Assignment -> Nothing but the lines from the one containing "30 Gallon Outdoor" through the end of the entries below should appear in your answer, transcribed exactly; please drop the pictures.

Caption-style text data
--

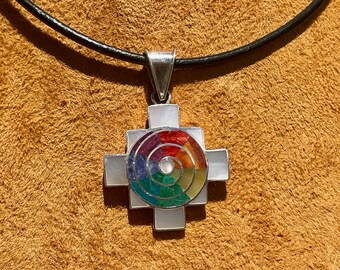 Silver, Colourful Chakana pendant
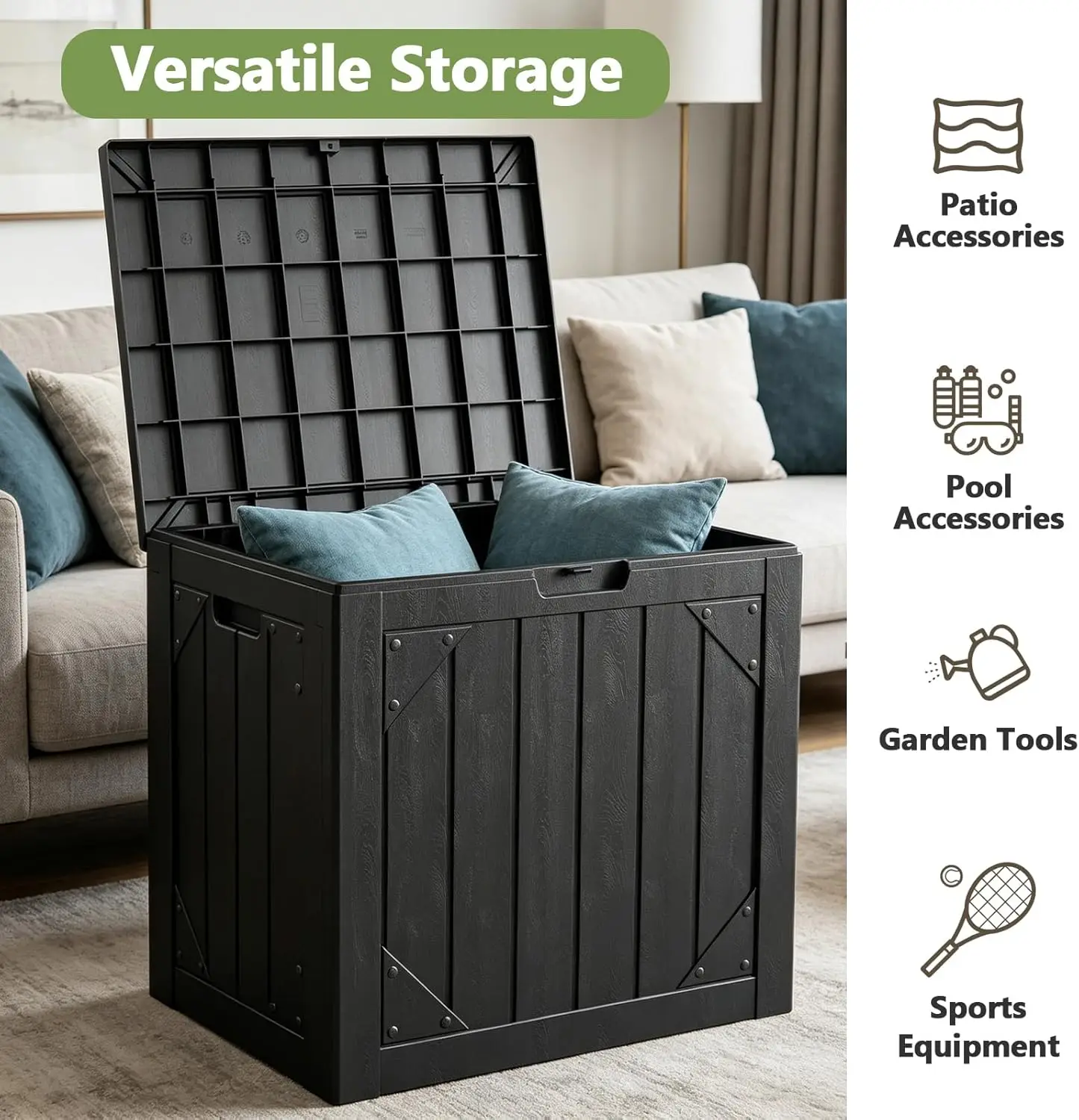 30 Gallon Outdoor Storage Box with Seat, Waterproof Resin Deck Box for Patio Cushions and Garden Tools, Lockable UV Resistant view 5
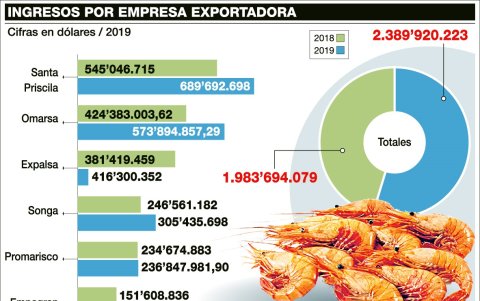 Gráfico exportaciones 2019 y 2018.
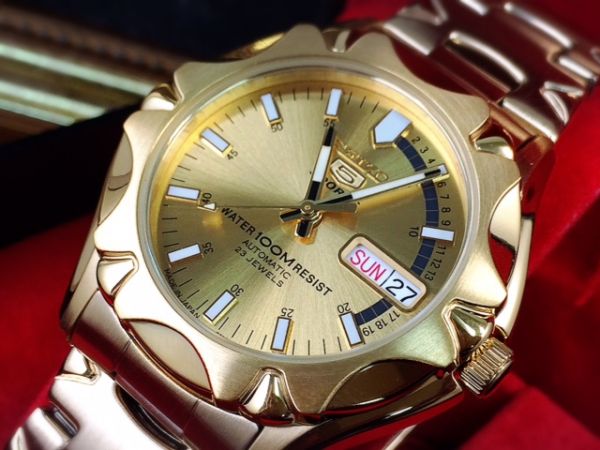 ２点以上落札で送料無料!! [SEIKO] セイコー5スポーツ腕時計 メンズ ゴールド 日本製自動巻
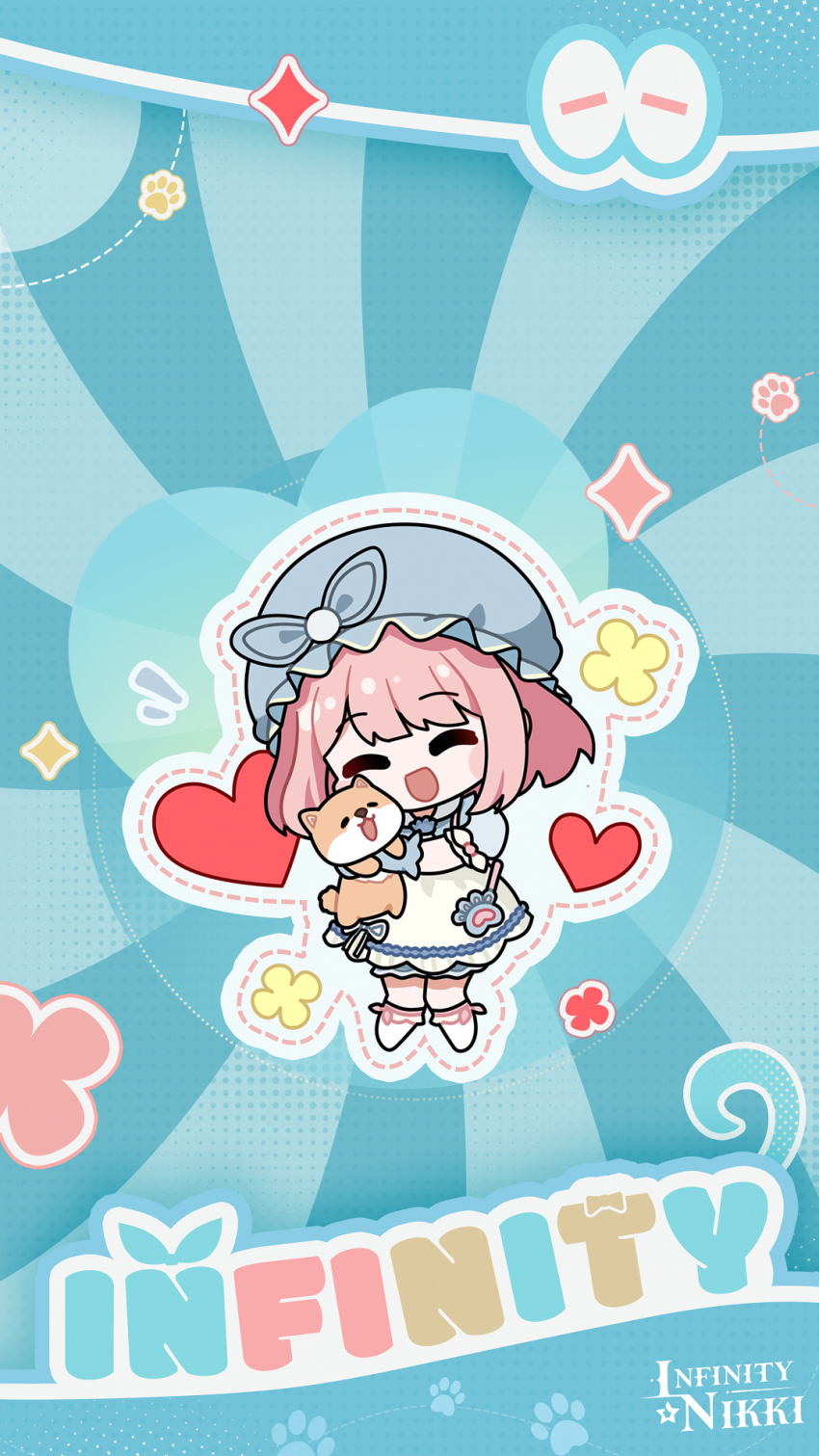1girl ^_^ animal animal_hug apron artist_request ascot blue_background blue_bow blue_gloves blue_hat blue_outline blue_ribbon blue_shirt blue_shorts blush_stickers bow bow_legwear brooch bye-bye_dust_(infinity_nikki) chibi closed_eyes collared_shirt copyright_name dog dotted_line floof_(infinity_nikki) flower frilled_gloves frilled_headwear frilled_sleeves frills gloves halftone happy hat hat_bow heart highres holding holding_animal holding_dog infinity_nikki jewelry kneehighs looking_at_viewer medium_hair mob_cap nikki_(series) no_shoes notice_lines official_art official_wallpaper open_mouth outline paw_print pink_bow pink_hair pocket pom_pom_hat_ornament puffy_short_sleeves puffy_sleeves ribbon second-party_source shiba_inu shirt short_sleeves shorts sleeve_bow smile socks solo sparkle standing white_apron white_ascot white_bow white_socks yellow_flower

--

Answer space ->
 30 Gallon Outdoor Storage Box with Seat, Waterproof Resin Deck Box for Patio Cushions and Garden Tools, Lockable UV Resistant view 5
 Gráfico exportaciones 2019 y 2018.
 ２点以上落札で送料無料!! [SEIKO] セイコー5スポーツ腕時計 メンズ ゴールド 日本製自動巻
1girl ^_^ animal animal_hug apron artist_request ascot blue_background blue_bow blue_gloves blue_hat blue_outline blue_ribbon blue_shirt blue_shorts blush_stickers bow bow_legwear brooch bye-bye_dust_(infinity_nikki) chibi closed_eyes collared_shirt copyright_name dog dotted_line floof_(infinity_nikki) flower frilled_gloves frilled_headwear frilled_sleeves frills gloves halftone happy hat hat_bow heart highres holding holding_animal holding_dog infinity_nikki jewelry kneehighs looking_at_viewer medium_hair mob_cap nikki_(series) no_shoes notice_lines official_art official_wallpaper open_mouth outline paw_print pink_bow pink_hair pocket pom_pom_hat_ornament puffy_short_sleeves puffy_sleeves ribbon second-party_source shiba_inu shirt short_sleeves shorts sleeve_bow smile socks solo sparkle standing white_apron white_ascot white_bow white_socks yellow_flower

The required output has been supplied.